What is expected:
Set down nothing but the lines from the one containing "One artist walking" to the final line of the material, exactly as written, and drop the pictures.

Information provided:

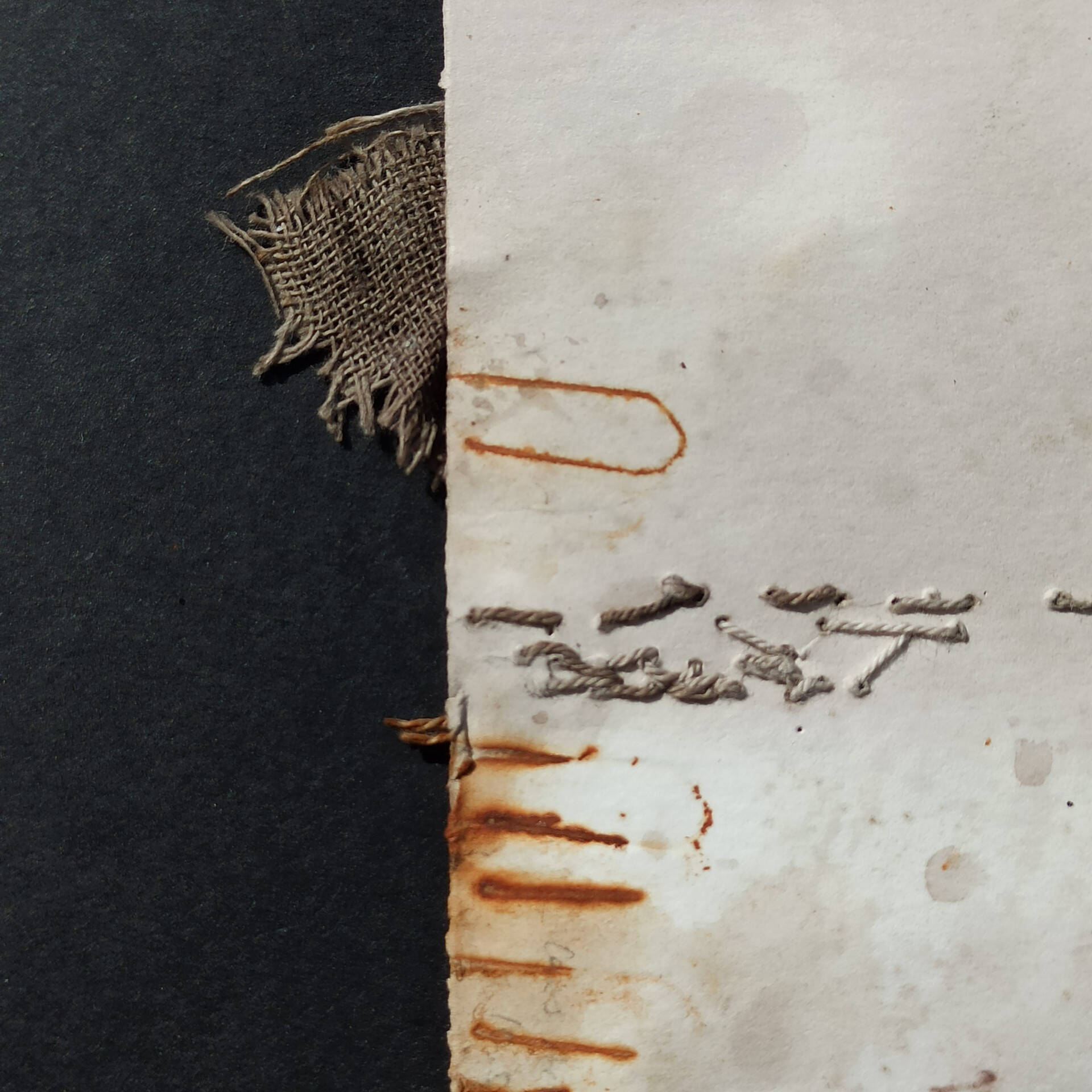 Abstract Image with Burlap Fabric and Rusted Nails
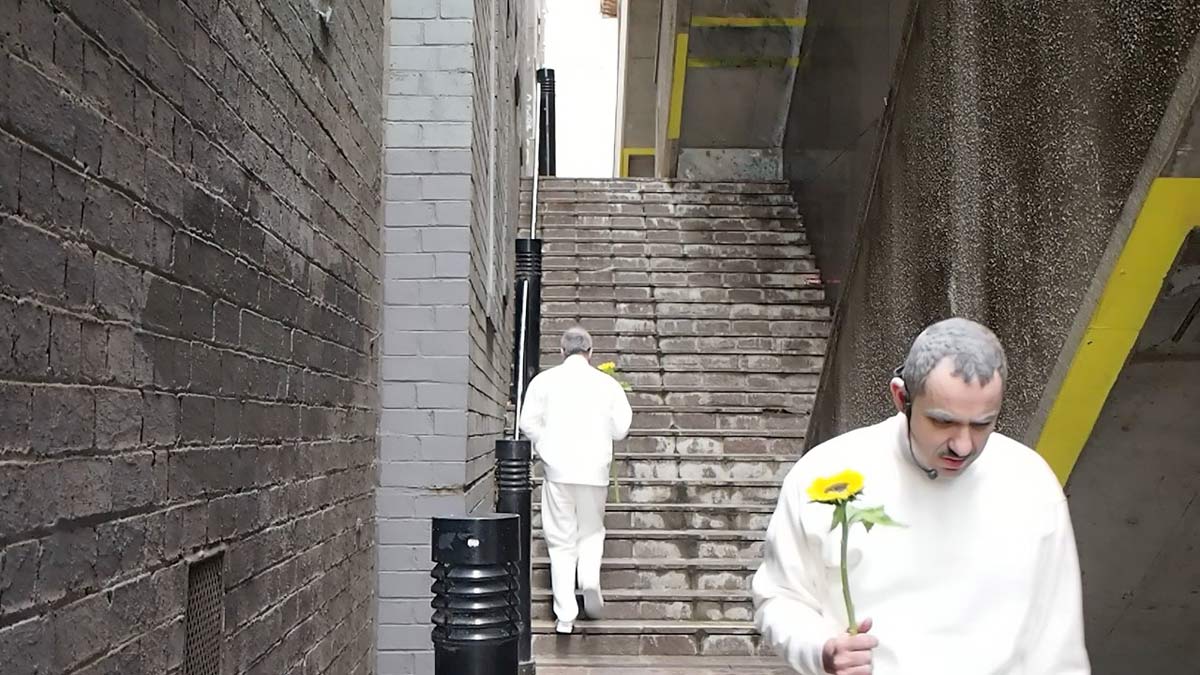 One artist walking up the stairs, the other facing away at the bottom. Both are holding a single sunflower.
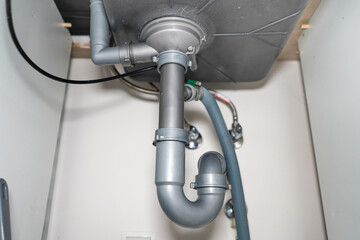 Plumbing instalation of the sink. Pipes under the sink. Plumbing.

Result:
 One artist walking up the stairs, the other facing away at the bottom. Both are holding a single sunflower.
 Plumbing instalation of the sink. Pipes under the sink. Plumbing.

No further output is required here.